**What is needed:**
Among the records that follow, find the line with "Time to upgrade." and the line with "Discover waterfront living". Set down those lines and all lines between them exactly, without adding anything.

**Dataset extract:**
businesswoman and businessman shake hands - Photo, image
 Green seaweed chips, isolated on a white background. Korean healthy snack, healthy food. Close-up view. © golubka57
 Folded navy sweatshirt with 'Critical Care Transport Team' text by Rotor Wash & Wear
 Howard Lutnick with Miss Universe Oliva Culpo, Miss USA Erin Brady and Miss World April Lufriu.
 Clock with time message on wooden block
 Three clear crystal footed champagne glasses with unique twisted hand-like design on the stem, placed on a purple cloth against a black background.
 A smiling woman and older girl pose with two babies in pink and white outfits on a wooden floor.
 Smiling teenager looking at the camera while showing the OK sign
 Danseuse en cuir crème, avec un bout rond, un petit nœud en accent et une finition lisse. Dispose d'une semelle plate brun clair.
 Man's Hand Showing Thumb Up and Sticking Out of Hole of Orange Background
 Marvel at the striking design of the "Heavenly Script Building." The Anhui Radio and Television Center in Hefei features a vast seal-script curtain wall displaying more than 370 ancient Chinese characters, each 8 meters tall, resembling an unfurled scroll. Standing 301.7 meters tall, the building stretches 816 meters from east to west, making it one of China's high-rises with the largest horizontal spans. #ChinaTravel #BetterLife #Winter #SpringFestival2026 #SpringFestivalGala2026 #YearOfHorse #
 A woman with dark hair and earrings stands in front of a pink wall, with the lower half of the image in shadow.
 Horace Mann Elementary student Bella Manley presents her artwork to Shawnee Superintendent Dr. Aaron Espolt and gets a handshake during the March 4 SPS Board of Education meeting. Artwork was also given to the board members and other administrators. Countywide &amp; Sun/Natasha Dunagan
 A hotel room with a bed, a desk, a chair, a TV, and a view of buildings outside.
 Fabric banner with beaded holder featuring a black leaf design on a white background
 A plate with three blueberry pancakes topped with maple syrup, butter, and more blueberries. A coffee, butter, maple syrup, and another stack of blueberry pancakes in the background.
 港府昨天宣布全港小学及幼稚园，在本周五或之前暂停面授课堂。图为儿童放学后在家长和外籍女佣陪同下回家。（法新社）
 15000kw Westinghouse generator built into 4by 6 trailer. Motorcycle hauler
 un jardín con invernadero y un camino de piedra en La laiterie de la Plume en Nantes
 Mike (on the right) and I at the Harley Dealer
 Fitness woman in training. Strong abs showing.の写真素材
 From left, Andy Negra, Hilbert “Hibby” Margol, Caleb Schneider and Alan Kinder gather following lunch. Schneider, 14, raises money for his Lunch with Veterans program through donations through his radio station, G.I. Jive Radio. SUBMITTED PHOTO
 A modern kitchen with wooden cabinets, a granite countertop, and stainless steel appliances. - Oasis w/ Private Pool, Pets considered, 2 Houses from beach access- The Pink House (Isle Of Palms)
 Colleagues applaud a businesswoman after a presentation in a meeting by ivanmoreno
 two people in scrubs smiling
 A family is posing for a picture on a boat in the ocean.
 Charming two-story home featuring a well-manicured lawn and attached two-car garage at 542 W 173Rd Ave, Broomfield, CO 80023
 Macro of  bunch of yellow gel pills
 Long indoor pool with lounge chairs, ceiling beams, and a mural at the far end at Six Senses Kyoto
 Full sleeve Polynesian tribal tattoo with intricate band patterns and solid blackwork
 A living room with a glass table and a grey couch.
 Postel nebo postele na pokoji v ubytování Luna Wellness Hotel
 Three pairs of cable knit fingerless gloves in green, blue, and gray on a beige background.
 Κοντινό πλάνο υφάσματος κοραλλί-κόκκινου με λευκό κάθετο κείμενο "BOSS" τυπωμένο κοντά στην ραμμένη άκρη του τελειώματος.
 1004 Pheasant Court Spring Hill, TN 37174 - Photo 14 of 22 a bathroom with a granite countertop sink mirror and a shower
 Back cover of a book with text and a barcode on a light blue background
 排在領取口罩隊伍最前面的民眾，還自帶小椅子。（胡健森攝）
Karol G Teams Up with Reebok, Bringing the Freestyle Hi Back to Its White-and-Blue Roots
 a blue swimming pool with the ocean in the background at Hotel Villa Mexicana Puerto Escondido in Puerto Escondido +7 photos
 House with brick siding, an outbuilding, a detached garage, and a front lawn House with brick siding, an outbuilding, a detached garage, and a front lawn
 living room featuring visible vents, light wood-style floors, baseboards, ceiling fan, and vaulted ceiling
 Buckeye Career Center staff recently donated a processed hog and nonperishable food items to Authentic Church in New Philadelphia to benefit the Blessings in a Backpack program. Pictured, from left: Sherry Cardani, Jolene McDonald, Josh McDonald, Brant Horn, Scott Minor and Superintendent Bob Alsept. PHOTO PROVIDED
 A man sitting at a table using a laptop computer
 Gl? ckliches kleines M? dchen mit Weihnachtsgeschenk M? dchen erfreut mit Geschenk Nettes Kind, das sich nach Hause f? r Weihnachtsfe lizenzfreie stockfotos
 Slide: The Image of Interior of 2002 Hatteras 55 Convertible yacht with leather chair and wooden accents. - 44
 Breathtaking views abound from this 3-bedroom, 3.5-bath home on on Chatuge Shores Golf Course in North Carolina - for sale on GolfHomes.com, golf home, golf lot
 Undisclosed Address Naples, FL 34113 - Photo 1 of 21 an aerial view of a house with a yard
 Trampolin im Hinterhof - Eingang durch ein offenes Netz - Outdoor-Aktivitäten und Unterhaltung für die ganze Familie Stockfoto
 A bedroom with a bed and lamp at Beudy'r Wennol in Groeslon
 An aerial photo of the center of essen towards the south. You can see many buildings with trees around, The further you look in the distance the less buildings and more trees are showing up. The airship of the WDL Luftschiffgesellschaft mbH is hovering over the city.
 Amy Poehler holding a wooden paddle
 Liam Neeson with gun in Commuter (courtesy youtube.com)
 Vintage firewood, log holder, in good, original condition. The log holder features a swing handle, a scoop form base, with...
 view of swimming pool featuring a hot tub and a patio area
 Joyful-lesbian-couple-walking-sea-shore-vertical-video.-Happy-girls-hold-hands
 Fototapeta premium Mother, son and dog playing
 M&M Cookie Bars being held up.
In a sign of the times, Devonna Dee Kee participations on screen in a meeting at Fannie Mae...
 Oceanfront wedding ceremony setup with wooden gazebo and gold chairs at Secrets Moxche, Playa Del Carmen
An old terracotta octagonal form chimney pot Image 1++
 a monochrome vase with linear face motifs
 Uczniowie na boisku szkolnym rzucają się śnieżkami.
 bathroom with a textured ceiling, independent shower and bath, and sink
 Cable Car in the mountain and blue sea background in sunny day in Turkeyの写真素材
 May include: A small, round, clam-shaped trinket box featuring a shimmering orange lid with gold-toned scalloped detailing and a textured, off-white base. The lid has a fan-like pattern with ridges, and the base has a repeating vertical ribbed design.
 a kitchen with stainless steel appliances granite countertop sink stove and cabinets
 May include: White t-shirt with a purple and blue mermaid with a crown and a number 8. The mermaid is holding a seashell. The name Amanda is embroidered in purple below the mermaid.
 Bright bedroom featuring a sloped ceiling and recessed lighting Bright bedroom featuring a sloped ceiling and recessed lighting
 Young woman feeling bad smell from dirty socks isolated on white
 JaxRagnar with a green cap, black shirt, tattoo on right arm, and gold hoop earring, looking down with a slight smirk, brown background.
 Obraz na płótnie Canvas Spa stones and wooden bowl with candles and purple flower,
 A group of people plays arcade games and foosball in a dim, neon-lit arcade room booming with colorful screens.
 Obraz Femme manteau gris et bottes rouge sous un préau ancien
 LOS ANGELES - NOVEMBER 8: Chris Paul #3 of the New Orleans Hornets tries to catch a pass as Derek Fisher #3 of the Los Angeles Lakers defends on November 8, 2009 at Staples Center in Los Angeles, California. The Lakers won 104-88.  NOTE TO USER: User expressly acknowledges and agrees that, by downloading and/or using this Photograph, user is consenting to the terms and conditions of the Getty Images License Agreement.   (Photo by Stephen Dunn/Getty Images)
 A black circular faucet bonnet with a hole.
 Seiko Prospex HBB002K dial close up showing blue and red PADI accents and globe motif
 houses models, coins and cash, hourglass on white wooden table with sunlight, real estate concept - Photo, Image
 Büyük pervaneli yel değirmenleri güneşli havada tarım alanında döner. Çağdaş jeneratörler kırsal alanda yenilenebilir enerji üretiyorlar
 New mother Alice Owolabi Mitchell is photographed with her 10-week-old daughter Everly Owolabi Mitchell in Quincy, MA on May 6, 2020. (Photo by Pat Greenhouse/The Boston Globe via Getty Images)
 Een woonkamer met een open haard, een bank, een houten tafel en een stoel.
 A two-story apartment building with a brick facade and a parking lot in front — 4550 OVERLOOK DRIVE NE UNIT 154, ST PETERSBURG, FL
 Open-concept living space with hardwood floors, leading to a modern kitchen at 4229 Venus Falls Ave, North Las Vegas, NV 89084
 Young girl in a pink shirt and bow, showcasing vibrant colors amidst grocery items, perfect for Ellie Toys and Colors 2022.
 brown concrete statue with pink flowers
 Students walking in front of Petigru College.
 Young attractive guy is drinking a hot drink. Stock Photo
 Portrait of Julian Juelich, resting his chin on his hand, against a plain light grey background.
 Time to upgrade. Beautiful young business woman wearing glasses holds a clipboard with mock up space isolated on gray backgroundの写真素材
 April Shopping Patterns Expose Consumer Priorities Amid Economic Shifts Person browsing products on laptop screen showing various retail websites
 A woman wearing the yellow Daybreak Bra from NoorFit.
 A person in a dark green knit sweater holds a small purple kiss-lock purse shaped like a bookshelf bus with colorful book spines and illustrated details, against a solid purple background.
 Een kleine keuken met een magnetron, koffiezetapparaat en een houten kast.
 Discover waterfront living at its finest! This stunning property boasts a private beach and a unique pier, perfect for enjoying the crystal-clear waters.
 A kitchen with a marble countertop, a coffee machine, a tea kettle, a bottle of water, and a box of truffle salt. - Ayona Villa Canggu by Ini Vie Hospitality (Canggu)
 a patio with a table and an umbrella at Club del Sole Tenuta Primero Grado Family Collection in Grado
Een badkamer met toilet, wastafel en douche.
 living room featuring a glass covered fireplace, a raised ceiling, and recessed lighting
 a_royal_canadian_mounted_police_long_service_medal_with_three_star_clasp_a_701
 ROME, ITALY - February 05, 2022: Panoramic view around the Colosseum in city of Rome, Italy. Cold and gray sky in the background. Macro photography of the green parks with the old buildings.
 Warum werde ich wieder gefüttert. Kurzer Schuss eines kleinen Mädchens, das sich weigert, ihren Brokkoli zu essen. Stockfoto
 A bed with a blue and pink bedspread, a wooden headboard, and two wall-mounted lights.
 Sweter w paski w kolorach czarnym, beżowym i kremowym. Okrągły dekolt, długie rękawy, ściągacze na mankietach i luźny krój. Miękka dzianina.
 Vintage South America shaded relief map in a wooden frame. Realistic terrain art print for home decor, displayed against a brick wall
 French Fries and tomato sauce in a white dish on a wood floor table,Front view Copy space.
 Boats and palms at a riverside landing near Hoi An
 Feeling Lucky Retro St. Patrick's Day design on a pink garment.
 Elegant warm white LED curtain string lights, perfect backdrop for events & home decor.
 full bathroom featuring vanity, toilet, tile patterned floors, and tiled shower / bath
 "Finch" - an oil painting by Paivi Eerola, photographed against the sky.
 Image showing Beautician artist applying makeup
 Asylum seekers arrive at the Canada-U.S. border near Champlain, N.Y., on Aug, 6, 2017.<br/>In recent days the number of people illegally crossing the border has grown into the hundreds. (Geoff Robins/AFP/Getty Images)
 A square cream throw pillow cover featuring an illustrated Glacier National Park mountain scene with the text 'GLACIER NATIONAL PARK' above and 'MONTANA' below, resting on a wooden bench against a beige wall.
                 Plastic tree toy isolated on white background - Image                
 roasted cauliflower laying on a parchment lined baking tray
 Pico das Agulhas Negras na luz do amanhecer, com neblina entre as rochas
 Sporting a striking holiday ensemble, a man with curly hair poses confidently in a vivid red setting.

**Result of the exercise:**
 Time to upgrade. Beautiful young business woman wearing glasses holds a clipboard with mock up space isolated on gray backgroundの写真素材
 April Shopping Patterns Expose Consumer Priorities Amid Economic Shifts Person browsing products on laptop screen showing various retail websites
 A woman wearing the yellow Daybreak Bra from NoorFit.
 A person in a dark green knit sweater holds a small purple kiss-lock purse shaped like a bookshelf bus with colorful book spines and illustrated details, against a solid purple background.
 Een kleine keuken met een magnetron, koffiezetapparaat en een houten kast.
 Discover waterfront living at its finest! This stunning property boasts a private beach and a unique pier, perfect for enjoying the crystal-clear waters.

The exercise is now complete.